Task statement — Please return only the lines from the one showing "Рукавицы Непромокайка р.1 фиолетовый (Smail)" to the end of the entries, keeping both ends and dropping every picture.

◇ ◇ ◇ ◇ ◇ ◇ ◇

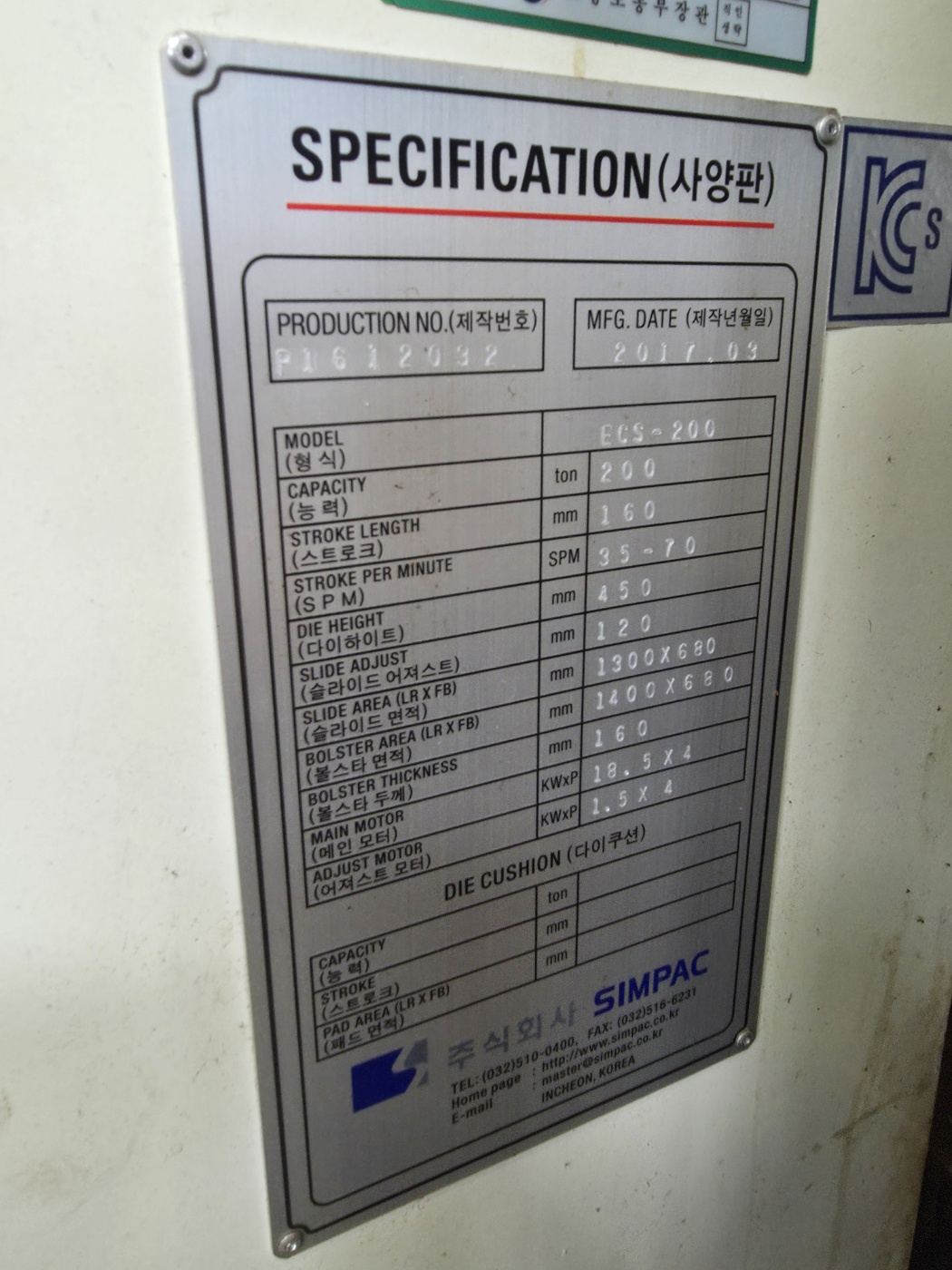 심팩 C형프레스  ECS-200  200톤 (2017년 3월)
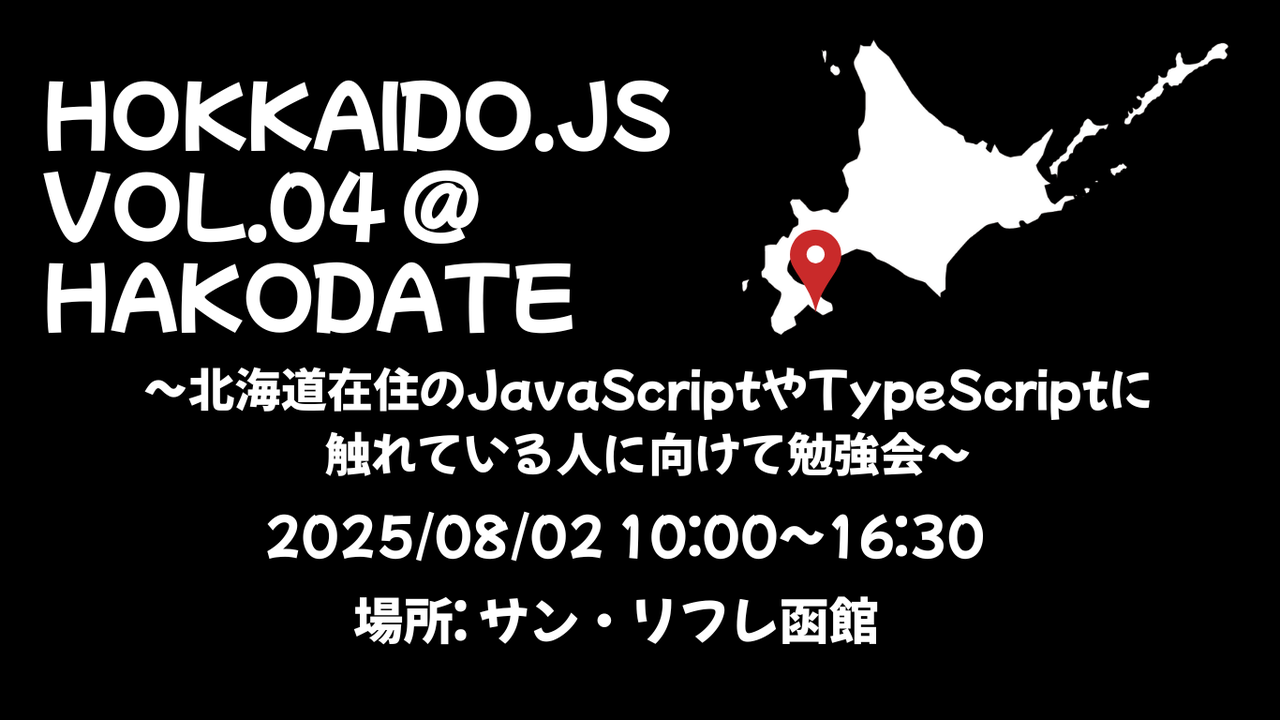 hokkaid.js vol.04@Hakodate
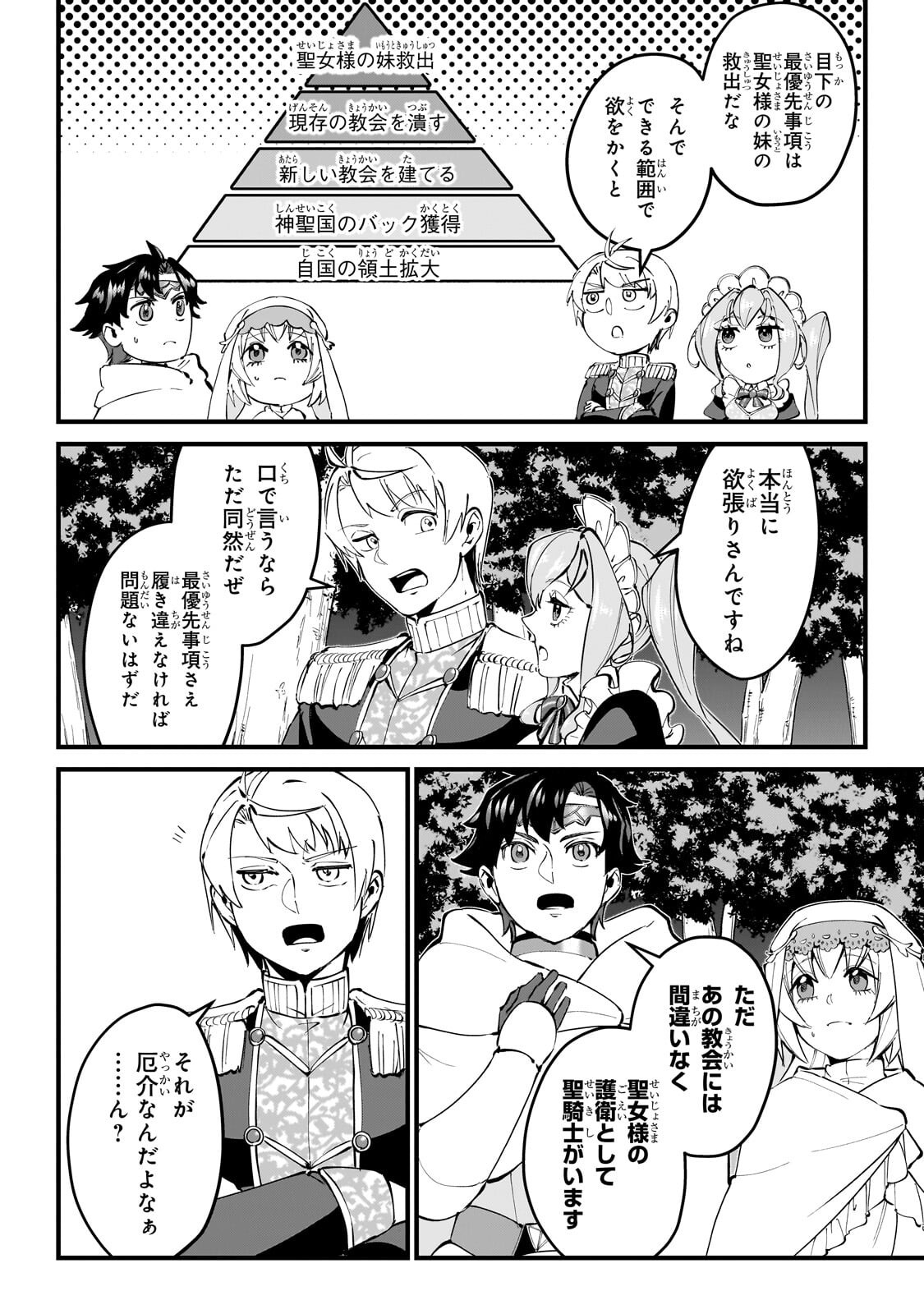 Jakushou Kokka no Eiyuu Ouji ~Saikyou no Majutsushidakedo, Sassato kuni dete Jiyuu ni Ikiteee!~ - Chapter 11.3 - Page 1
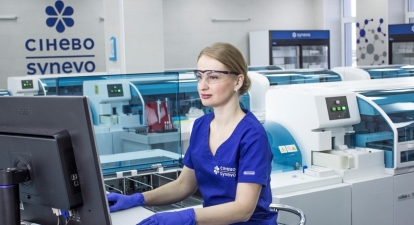 ДБР арештувало головний офіс «Сінево Україна» /из личного архива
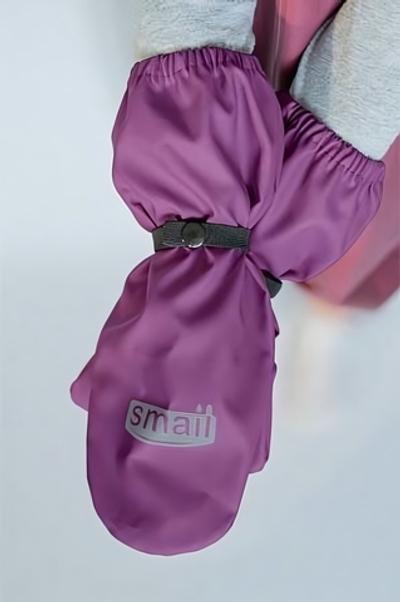 Рукавицы Непромокайка р.1 фиолетовый (Smail)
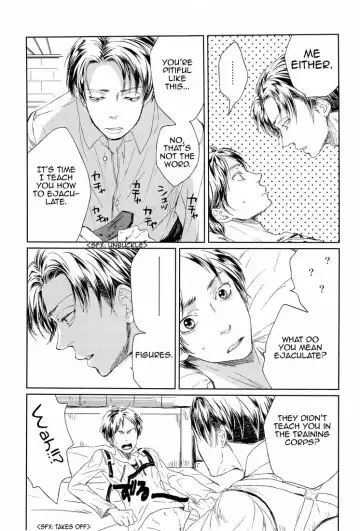 [Hatoji] Sono sen o koeru na | Don't Cross That Line Fhentai - Page 17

◇ ◇ ◇ ◇ ◇ ◇ ◇

Solution for this problem —
 Рукавицы Непромокайка р.1 фиолетовый (Smail)
 [Hatoji] Sono sen o koeru na | Don't Cross That Line Fhentai - Page 17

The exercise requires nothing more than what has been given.